Breast Cancer:  Reduce Your Risk with Foods You Love by Robert Pendergrast
A Short History of the Printed Word by Warren Chappell
Rick Steves' Istanbul
Time Out Istanbul
Strolling through Istanbul 
Lonely Planet:  Turkey 
Out Backward by Ross Raisin

The Pendergrast book really didn't have much more to say about diet and health than I've already read in books by Dr.
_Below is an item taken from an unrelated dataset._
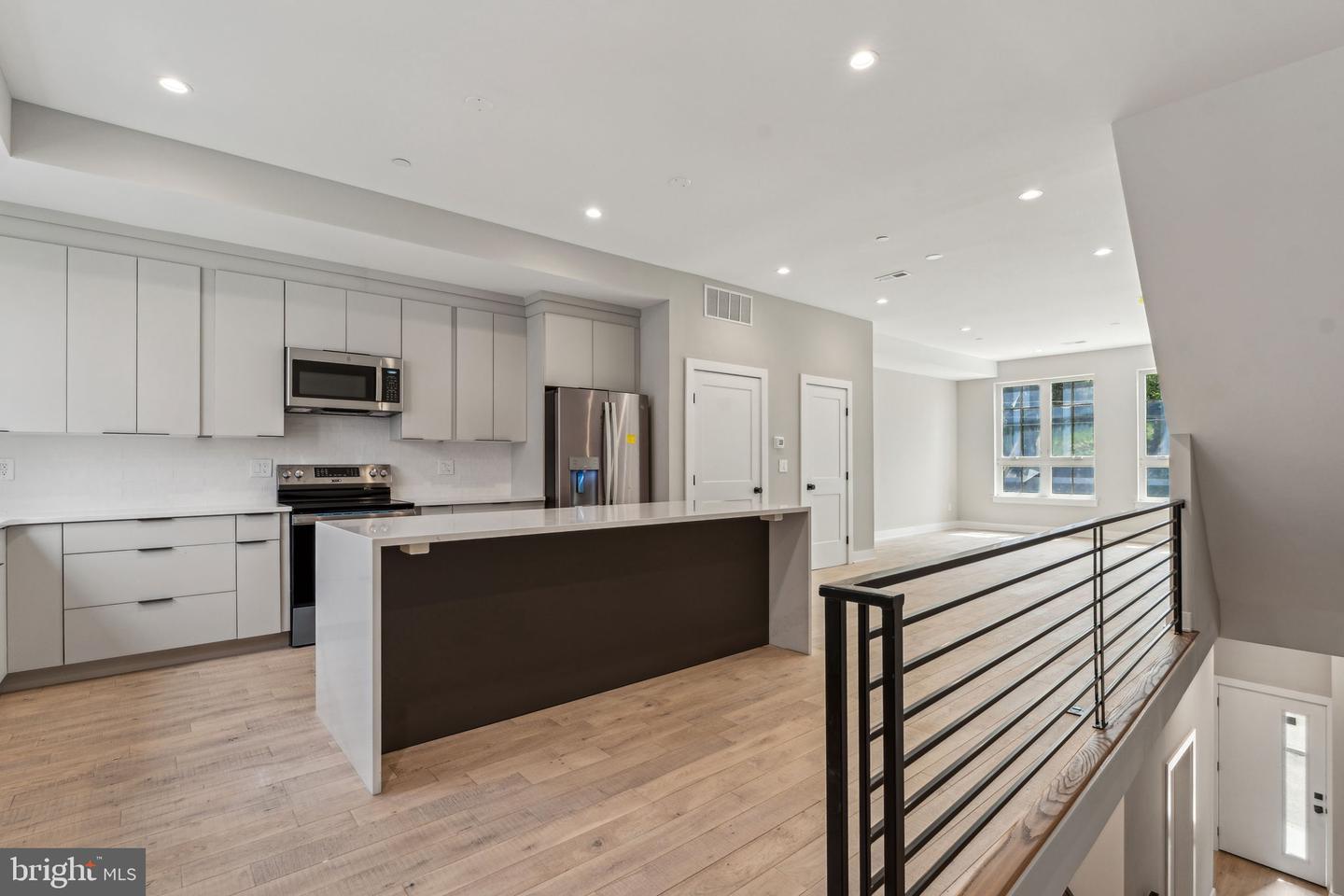 334 Carson St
Andrew Weil (eat a variety of organic vegetables and fruit, omega 3 fatty acids, real food, not processed food; exercise)  but it was refreshing to see a publication that talks about breast cancer as a preventable disease; not something that can only be screened for, as the mainstream medical establishment seems to believe.
    I quite enjoy when two books on completely different subjects unexpectedly intersect somehow, as did a mention of Turkish writing in A Short History of the Printed Word describing how the Turkish government  decreed in 1928 (along with abolishing the fez) that Turkish be written in Latin characters rather than Arabic; a change that instantly rendered many people illiterate and even reversed the direction of script from right-to-left to left-to-right.  I had just read about the secularization and westernization of Turkey under Ataturk in several of the many guide books I've been perusing in preparation for an upcoming trip

    Out Backward is a novel I picked from a pile being culled from our shelves to make room for the new.  It's the first person story of a 19 year-old social outcast (and accused molester) sheep farmer on the English moors who becomes obsessed with a 15 year-old neighbor girl who moves with her family from London--a definite clash of cultures and class.  The language is full of lively, expressive sheep farmer slang:  "glegg" for look, "tidgy" for frail or spindly; "sprog" for child; "trunklements" for things.  The Harper Perennial trade paperback of this book has essays and interviews with the author at the end, and there's a nice essay on the state of farming in the U.K.  The same old story about consumers wanting cheap food prices and agribusiness putting small farmers out of business.

     

    Tuesday, March 1, 2011

    A book by any other name...

    There's been some talk on a discussion list for members of the IOBA (Independent Online Booksellers Association) regarding an invitation from a member for fellow booksellers to advertise for free on a bookseller resources directory  called Smelly Books.  Quite a few of the booksellers who replied to this discussion said they didn't want to associate their books with smelliness.  Others said they loved the smell of old books and appreciated the humor of the website name.  Once a customer returned a book to us, saying it had an "acrid mildew smell," although when I received the offensive book, I could detect nary an odor.  Apparently (from my readings of bookseller discussion lists) this discrepancy in interpreting the smell of a book from no smell, to delightful scent, to stinky is a not unusual state of affairs.

    Reading Notes
    Sean and I have been reading Super Sad True Love Story by Gary Shteyngart out loud.  The protagonist in this satiric novel, Lenny Abramov, is a reader and has a Wall of Books (which he does spray with pine sol)  in his apartment at a time when everyone has a constant stream of images and data via their äppärät (an object apparently a step above an I-phone) and books are generally regarded as smelly old things most people would be embarrassed to be caught handling, much less reading.   The depiction of a corporate controlled society, consumer culture, social networking, police state, and media limited to Fox Liberty-Prime and Fox Liberty-Ultra is a little too much like reality.